Filtering Method	Parameters	5th	7th	11th	13th
PF	L (mH)	26.562	13.263	5.305	3.789
	C (μF)	15.279	15.591	15.784	15.821
IF	L (mH)	32.096	16.048	6.419	4.5852
	C (μF)	12.627	12.885	13.045	13.075

gives the parameters of four sets of passive filters by comparing the PF method with the IF method. The capacity of each designed passive filter based on both the PF method with the IF method is rated at 200 Var and 50 Var, respectively.

4.2. Simulation Analysis

A MATLAB/Simulink based experimental model (seen in Figure 6) is investigated for the IF method with the FW-IFT. The model incorporates the FW-IFT with associated two kinds of diode rectifier circuitry and filtering branches. Figure 8 shows the three-phase voltage and current simulation waveforms, respectively, for without filters, with the PF method, and with the IF method. Filtering performance is compared with the PF method, whose simulation data of grid currents spectra are shown in Figure 9. From Figure 8, grid currents are a non-sinusoidal waveform comprising of lots of 5th, 7th, 11th, and 13th dominant harmonics without filters, which will still exist in the grid side even if the PF method is adopted. However, there are few low-order harmonic currents at the public grid when the IF method is used. From Figure 9, the fundamental rms current amplitude values are 15.01 A, 15.05 A, and 17.87 A, and the current total harmonic distortion (THDi) are 10.51%, 5.62%, and 2.03%, respectively, on the basis of three types of filtering schemes, such as without filters, with PF and with IF. Hence, the simulation results show that the IF method obviously improves the power quality of the grid side.

4.3. Experimental Results

Figure 10 shows the three-phase voltage and current measured waveforms at the 380 V bus. Figure 11 shows the phase-A current spectra at the 380 V bus, where the fundamental rms current amplitude values are 14.06 A, 14.75 A, and 16.97 A, and THDi are 10.76%, 5.67%, and 1.63%, respectively, from the three types of filtering scheme (without filters, with PF and with IF).

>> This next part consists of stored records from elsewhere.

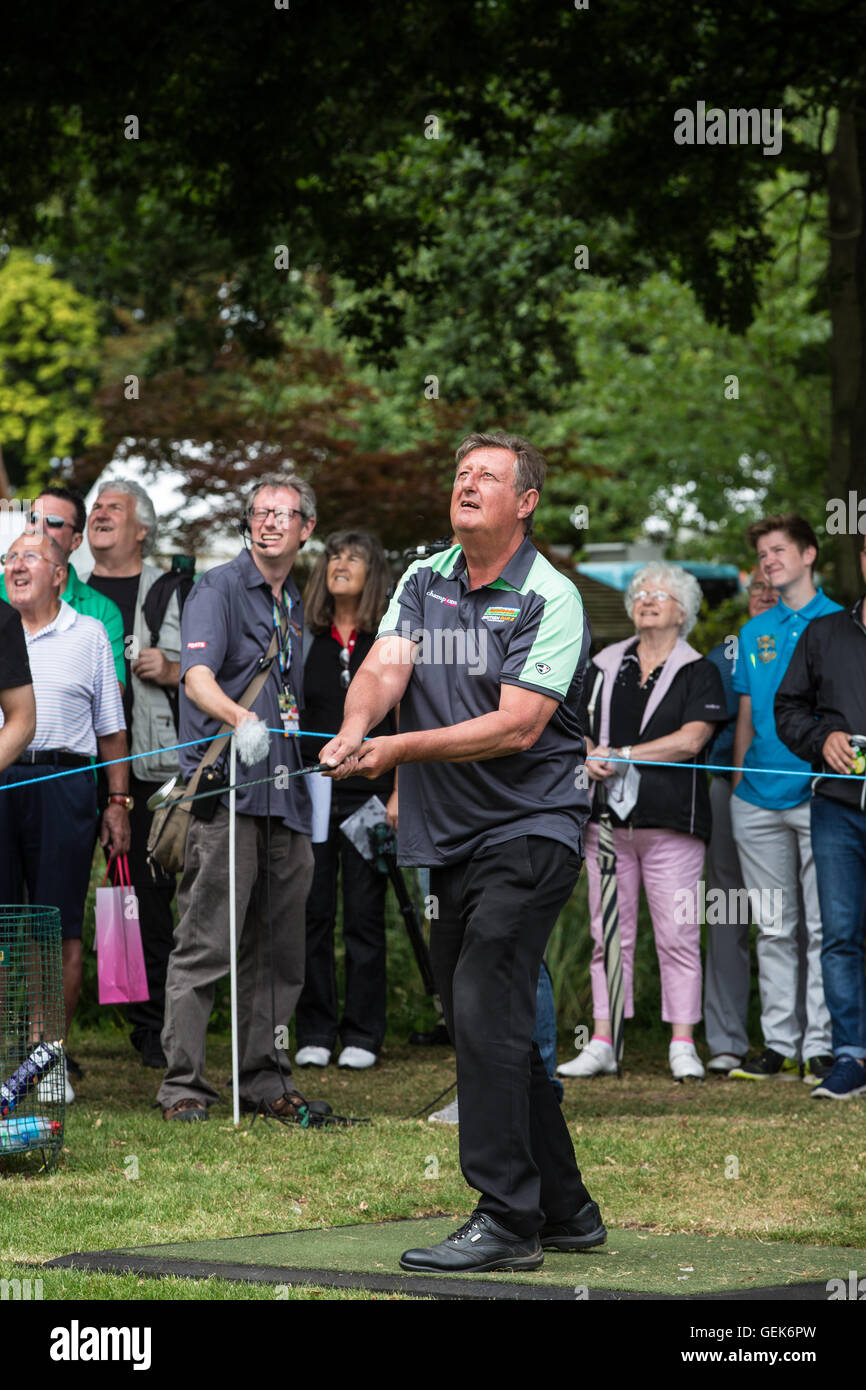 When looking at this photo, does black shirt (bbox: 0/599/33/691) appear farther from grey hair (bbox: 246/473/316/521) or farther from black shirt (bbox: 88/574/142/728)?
black shirt (bbox: 88/574/142/728)

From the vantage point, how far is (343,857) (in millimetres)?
8734

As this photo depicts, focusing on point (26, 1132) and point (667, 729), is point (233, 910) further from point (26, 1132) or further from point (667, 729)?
point (667, 729)

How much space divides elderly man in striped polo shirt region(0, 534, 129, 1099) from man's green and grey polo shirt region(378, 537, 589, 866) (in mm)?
2801

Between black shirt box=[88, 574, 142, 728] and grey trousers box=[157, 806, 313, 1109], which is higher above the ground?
black shirt box=[88, 574, 142, 728]

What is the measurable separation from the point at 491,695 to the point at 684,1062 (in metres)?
4.29

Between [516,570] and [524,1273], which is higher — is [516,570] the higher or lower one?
the higher one

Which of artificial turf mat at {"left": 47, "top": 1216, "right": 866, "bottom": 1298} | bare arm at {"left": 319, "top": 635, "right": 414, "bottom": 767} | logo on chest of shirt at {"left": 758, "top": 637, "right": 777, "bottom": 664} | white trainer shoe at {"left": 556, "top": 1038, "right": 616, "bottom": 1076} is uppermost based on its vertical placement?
logo on chest of shirt at {"left": 758, "top": 637, "right": 777, "bottom": 664}

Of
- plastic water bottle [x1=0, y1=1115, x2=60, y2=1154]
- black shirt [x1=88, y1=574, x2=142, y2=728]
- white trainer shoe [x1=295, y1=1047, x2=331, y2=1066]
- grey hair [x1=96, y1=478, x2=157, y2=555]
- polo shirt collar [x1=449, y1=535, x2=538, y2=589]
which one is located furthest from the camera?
white trainer shoe [x1=295, y1=1047, x2=331, y2=1066]

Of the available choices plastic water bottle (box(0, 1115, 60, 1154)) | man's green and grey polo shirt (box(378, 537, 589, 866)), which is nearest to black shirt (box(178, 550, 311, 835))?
plastic water bottle (box(0, 1115, 60, 1154))

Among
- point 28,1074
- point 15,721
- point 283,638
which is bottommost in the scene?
point 28,1074

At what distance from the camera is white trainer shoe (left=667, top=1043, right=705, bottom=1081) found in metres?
8.45

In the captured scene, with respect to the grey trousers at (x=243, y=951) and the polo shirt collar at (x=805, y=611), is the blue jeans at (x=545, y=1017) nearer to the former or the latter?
the grey trousers at (x=243, y=951)

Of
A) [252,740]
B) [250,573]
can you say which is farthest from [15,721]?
[250,573]

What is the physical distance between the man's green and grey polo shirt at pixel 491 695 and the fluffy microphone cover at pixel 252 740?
5.27 feet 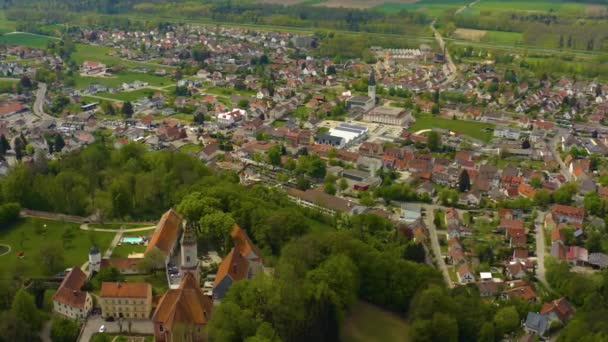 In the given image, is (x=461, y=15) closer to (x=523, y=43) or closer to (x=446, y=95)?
(x=523, y=43)

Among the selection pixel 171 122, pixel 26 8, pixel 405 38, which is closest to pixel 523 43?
pixel 405 38

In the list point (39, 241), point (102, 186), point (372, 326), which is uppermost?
point (102, 186)

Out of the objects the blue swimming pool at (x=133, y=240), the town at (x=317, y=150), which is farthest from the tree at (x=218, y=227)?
the blue swimming pool at (x=133, y=240)

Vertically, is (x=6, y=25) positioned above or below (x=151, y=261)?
above

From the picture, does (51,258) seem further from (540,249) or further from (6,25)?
(6,25)

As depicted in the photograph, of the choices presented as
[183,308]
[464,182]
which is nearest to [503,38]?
[464,182]

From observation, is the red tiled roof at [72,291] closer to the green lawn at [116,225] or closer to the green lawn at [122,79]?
the green lawn at [116,225]

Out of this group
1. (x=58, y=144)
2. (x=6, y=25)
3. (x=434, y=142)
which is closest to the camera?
(x=58, y=144)

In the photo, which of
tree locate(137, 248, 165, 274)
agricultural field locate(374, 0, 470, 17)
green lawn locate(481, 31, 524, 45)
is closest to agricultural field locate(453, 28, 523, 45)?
green lawn locate(481, 31, 524, 45) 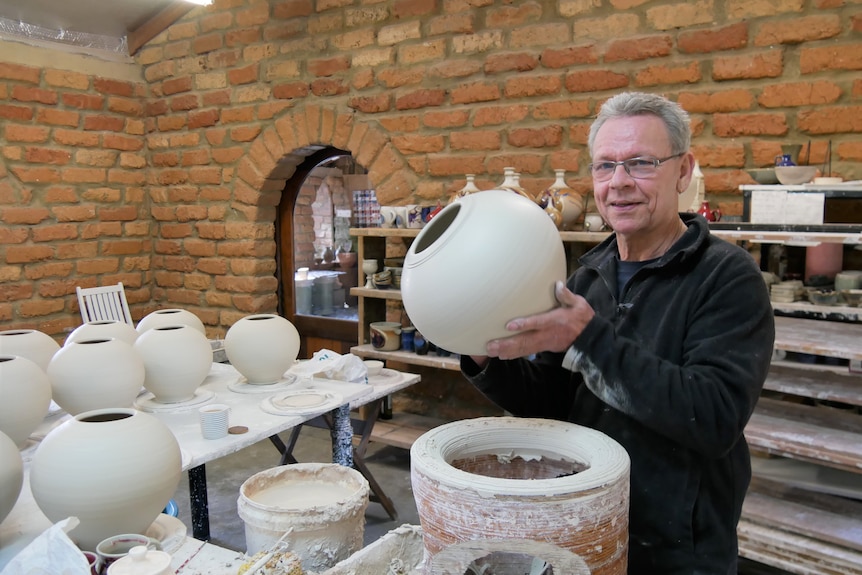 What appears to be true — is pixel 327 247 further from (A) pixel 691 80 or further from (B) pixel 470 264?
(B) pixel 470 264

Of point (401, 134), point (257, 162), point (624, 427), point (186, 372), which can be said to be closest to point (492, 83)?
point (401, 134)

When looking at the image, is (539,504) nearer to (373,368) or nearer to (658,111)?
(658,111)

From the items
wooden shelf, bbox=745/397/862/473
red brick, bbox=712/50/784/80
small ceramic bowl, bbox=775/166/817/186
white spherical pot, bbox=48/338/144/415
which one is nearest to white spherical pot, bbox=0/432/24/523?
white spherical pot, bbox=48/338/144/415

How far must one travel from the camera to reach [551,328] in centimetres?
112

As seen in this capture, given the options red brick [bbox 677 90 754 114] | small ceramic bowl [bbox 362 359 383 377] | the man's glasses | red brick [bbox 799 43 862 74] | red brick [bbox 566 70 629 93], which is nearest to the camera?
the man's glasses

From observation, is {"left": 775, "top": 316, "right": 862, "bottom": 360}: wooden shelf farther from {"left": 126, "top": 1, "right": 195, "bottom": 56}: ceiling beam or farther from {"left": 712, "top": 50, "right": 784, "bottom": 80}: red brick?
{"left": 126, "top": 1, "right": 195, "bottom": 56}: ceiling beam

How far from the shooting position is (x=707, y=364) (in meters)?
1.12

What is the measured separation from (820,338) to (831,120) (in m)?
1.01

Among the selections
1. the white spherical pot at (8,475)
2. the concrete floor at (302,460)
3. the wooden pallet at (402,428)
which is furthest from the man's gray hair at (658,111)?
the wooden pallet at (402,428)

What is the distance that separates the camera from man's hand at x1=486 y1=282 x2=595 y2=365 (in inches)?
43.7

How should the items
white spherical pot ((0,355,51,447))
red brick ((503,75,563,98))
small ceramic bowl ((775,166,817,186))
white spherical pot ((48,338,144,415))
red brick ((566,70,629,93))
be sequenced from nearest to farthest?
white spherical pot ((0,355,51,447)), white spherical pot ((48,338,144,415)), small ceramic bowl ((775,166,817,186)), red brick ((566,70,629,93)), red brick ((503,75,563,98))

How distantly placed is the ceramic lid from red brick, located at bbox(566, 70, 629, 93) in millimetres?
2756

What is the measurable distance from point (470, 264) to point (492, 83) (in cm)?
253

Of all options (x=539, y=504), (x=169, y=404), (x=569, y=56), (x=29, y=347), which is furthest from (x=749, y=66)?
(x=29, y=347) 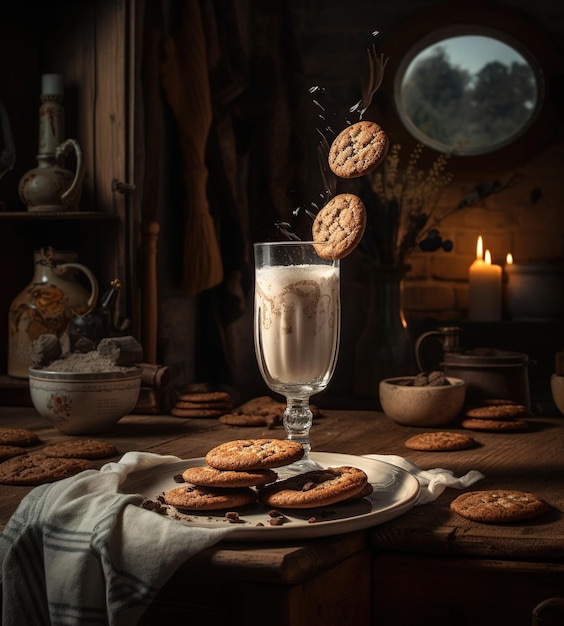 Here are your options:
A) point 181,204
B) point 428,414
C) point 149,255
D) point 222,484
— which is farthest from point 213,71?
point 222,484

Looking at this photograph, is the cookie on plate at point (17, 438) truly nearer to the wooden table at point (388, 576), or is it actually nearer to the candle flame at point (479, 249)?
the wooden table at point (388, 576)

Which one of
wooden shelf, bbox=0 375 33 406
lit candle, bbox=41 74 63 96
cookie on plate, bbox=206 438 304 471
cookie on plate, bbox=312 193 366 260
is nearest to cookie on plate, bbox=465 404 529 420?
cookie on plate, bbox=312 193 366 260

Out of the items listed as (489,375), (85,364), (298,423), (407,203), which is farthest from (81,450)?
(407,203)

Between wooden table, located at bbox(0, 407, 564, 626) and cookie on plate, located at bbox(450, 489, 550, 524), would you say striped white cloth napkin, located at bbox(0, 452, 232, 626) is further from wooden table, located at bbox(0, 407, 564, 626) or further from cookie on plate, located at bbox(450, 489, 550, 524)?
cookie on plate, located at bbox(450, 489, 550, 524)

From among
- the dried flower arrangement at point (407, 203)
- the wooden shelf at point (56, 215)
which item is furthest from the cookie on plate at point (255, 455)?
the dried flower arrangement at point (407, 203)

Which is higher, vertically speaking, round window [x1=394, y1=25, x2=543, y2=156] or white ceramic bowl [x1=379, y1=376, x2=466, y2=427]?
round window [x1=394, y1=25, x2=543, y2=156]

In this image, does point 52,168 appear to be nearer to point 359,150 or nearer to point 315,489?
point 359,150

By comparative analysis, it can also be seen that the IF method can greatly reduce the harmonic content in the 380 V bus and the current total harmonic distortion, which can be seen from the fast Fourier transform (FFT) results shown in Figure 11, which drops considerably from 10.76% to 1.63%. Moreover, harmonic currents of the utility grid already meet IEEE Standard 519. Thus, the IF method can not only guarantee the filtering performance on the public grid but can also effectively enhance the power quality for the distribution network supplying nonlinear loads.

5. Conclusions

In this paper, an IF method using a FW-IFT and passive filters for a HV distribution station supplying nonlinear loads has been proposed as a substitute to overcome the shortcomings of the conventional passive filtering method, and this method can comprehensively enhance power quality of the public grid. The single-phase equivalent circuit model and the basic mathematical model of the FW-IFT are established to express such an IF method, and the filtering performance has been analyzed. It was proven that the proposed IF scheme is able to compensate current harmonics simultaneously. The combination of passive filters with a FW-IFT allows for better filtering performance of the nonlinear loads at the MV and/or LV end. An IF method applied in a new HV distribution network has been confirmed to be effective with theoretical, simulation and experimental investigations.

The addition of the filtering winding to the three-winding transformer may bring slight increases, in economical cost, weight, and size, to the FW-IFT. However, the increase may be ignorable from a practical point of view. The proposed system construction is more suitable for a HV distribution network than the PF scheme.

In this paper, the major harmonic suppression of the HV distribution network is investigated in detail. The related research on the steady and transient state characteristics and protection of the FW-IFT will be reported in future.